**What you will do:**
Retype exactly what appears below from the line containing "2019 Lexus NX" down to the line containing "Amazon.com : RBFVZCCB", keeping both end lines. Do not include pictures.

== Dataset content

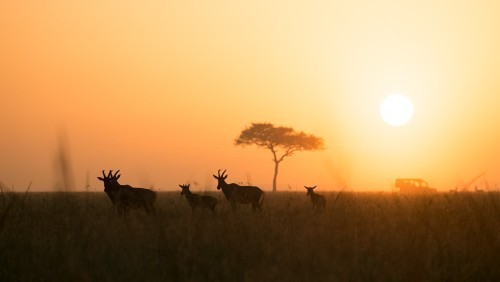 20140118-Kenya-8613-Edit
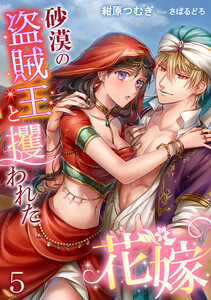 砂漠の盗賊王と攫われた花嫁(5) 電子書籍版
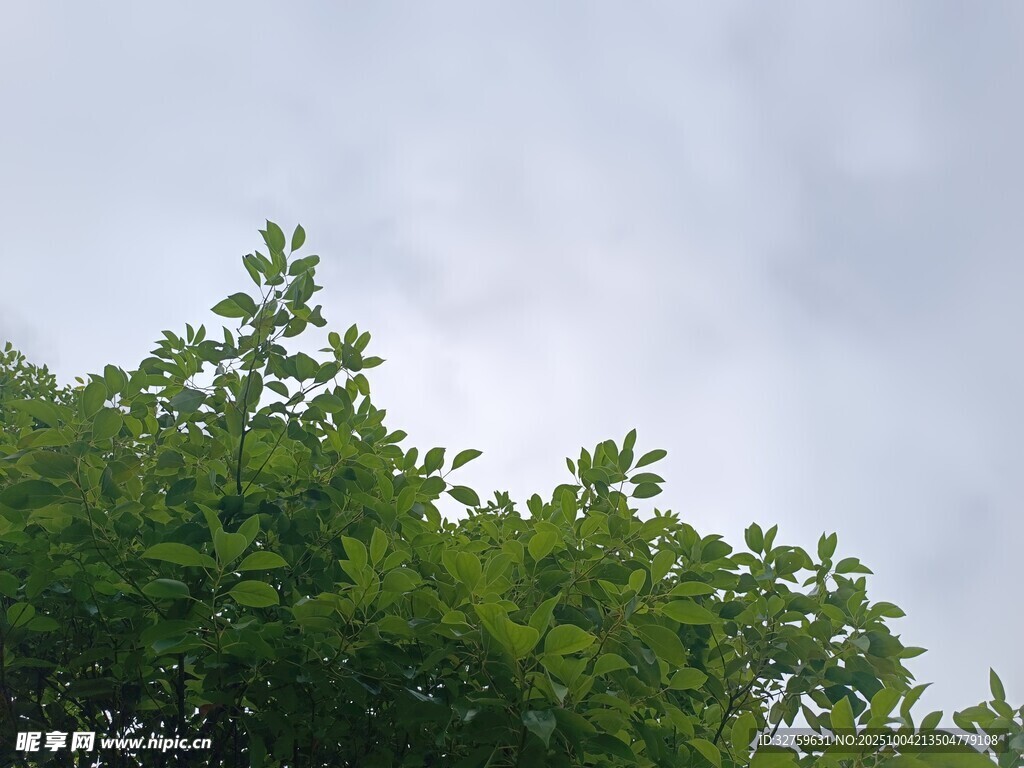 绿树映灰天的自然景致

====
== Dataset content

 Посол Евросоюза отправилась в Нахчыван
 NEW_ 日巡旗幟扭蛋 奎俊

====
== Dataset content

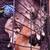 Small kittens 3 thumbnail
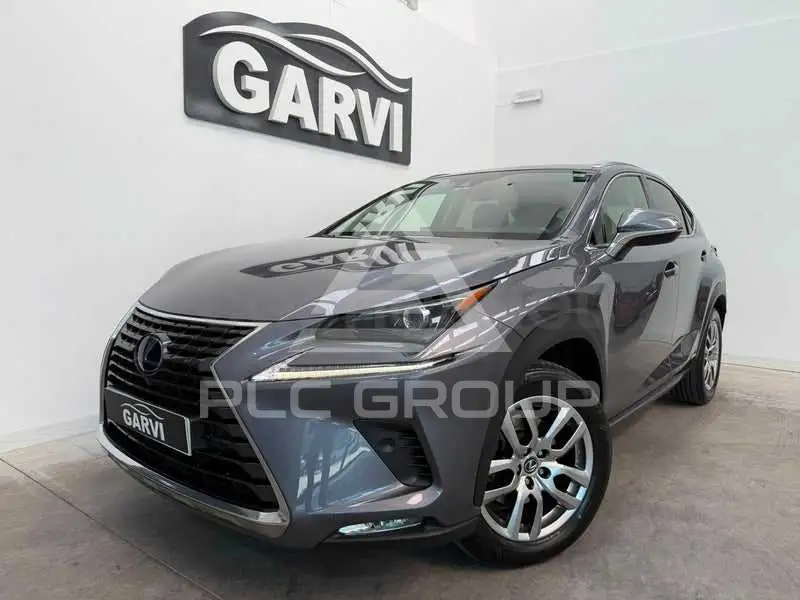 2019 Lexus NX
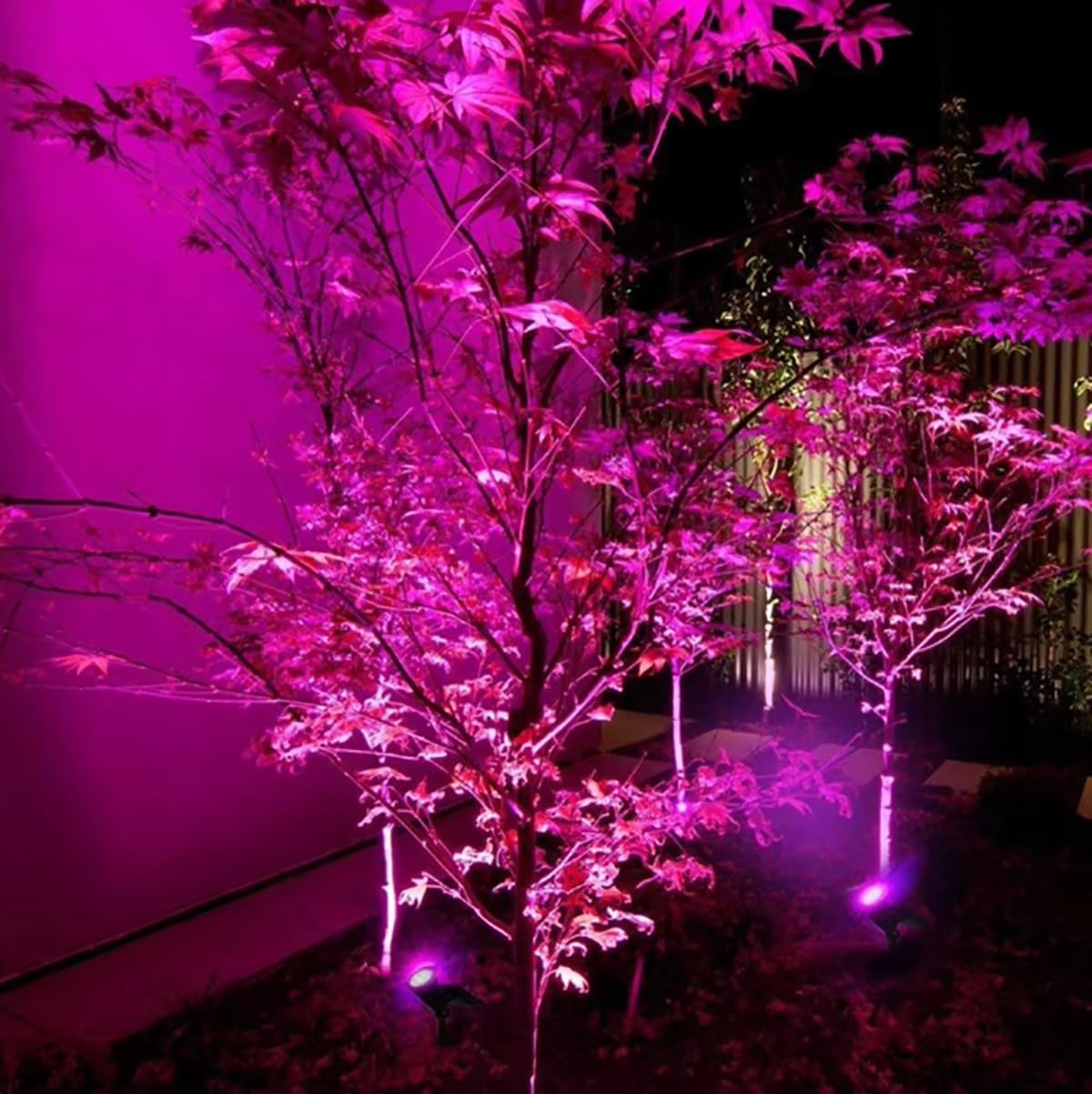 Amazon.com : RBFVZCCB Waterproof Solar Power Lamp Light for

====

**Task response:**
 2019 Lexus NX
 Amazon.com : RBFVZCCB Waterproof Solar Power Lamp Light for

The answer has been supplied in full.